It's the classic business dilemma: where do you go when you're number one? And in the case of Nokia, which has dominated the global mobile phone market for nearly a decade, that challenge has seemed greater than ever. Nokia's market share has never dipped below 30% since 2000, and in a market which has now reached an astonishing 1.12 billion phones sold every year this is an extraordinary achievement. Indeed, so successful has Nokia's strategy been that it has been increasing its share steadily and finally broke through
the 40% barrier during Q4 last year.
The "Nokia era" of mobile phone dominance has been mirrored by a number of other consumer technology markets in the past. Sony famously dominated the "Walkman" business throughout the 1980s, having created the original design for headset audio by bundling a portable audiocassette player with a pair of lightweight headphones.
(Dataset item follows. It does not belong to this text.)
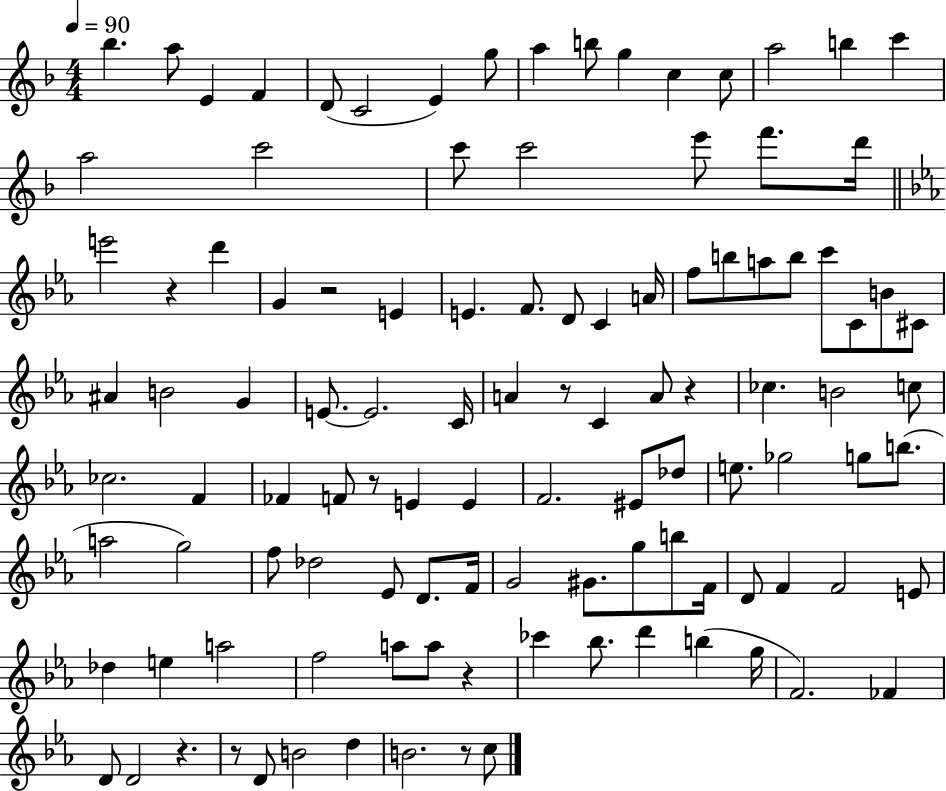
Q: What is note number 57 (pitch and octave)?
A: E4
It's difficult to believe it now, when thumbnail MP3 players carry entire music collections, but that was a cool device just 20 years ago, and if you didn't own a Sony, you made sure to hide the brand. Sony managed to convert some of that loyalty to the CD format, but was gradually losing its grip and eventually missed the boat completely on digital music and today's iPod era.
The consumer technology industry is littered with famous old brands that lost their way. RCA was the de facto TV brand leader in the US for years but has long slipped into the sub 5% bracket and is now under Chinese ownership. Japan's JVC created the VHS standard and thrived during the VCR era, but was unable to build on this success and inevitably fell on hard times.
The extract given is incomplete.